As with every US presidential election campaign, both parties have strong and weak contenders. However, there is one member in the Republican Party that has been particularly controversial and who has garnered a lot of attention on social media while dominating the polls: Donald Trump.
Brash, bold, straightforward, honest and cunning -- I have been following Trump for years. I have watched him in “The Apprentice” series and read his books. All of his teachings in business and life are inspiring and useful as he is a person who leads by example.
Trump is a man who has differentiated himself from other former and current presidential candidates by bringing attention to topics that none of the other candidates are willing to talk about, such as immigration. Furthermore, he never backs down from criticizing former and potential future presidents. He has a bombastic style and does not take insults from other people.
Although there are quite a few people who question his tactics and characteristics as a political figure, his assertiveness, patriotism and financial self-sufficiency, along with a strong desire to create jobs and run the country in a transparent way are all traits that Indonesian leaders should take to heart.
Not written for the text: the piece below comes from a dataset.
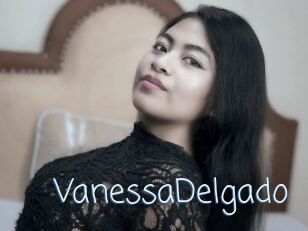 VanessaDelgado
President Joko Widodo has already demonstrated a similar assertiveness at times, for instance when he insisted that drug convicts be executed despite the outcry from foreign governments and local rights groups. In trying to eradicate the drug scourge, the president stood firm regardless of the negative consequences some said his stance would have on our ties with other countries. His predecessor, Susilo Bambang Yudhoyono, had been very cautious and sensitive about such possible negative effects.
Trump is above all a patriot and will stand up for US interests in the face of a variety of threats, such as China’s currency manipulation, or Mexico sending undesirable individuals across the border. Similarly, Indonesia needs leaders who will stand up for the country, who will not let others take advantage of our natural resources. It is imperative that our leaders keep out drug dealers and thieves. By the end of the day, Indonesia is the 4th-most populous country in the world and our economy is still growing much more rapidly than those of many other countries. We cannot let our development be obstructed.
Traditionally most Indonesian presidential hopefuls receive funding from special interest groups, donors and lobbyists as their primary source for campaign funding. The problem with this practice is that it means that the president will have to take into account the wishes of those who funded his campaign -- which may not necessarily be in the best interest of the people. A financially self-sufficient candidate like Trump, on the other hand, is much less likely to be bought.
Trump has stressed the importance of jobs, and that is a lead that should be followed by Indonesian leaders. We should focus on making full use of our demographic dividend. Indonesia’s young population needs managers and leaders who take career development seriously. Thus it is vital for Indonesian leaders to engage with the nation's youths and to retain key talent. And when necessary, Indonesian leaders may need to show some tough love.
Corruption is another key issue, and it is no secret that Indonesia needs much more transparency. This is another example where people like Trump, who have no problem speaking out and telling the truth, can set the bar high for Indonesian leaders.
So despite the criticism leveled against him -- Trump has been labeled a joke, arrogant, a naive politician and a capitalist pur sang -- there is no denying that his accomplishments hold plenty of valuable lessons for Indonesian leaders.
Satya Hangga Yudha Widya Putra is a graduate student in global affairs at New York University.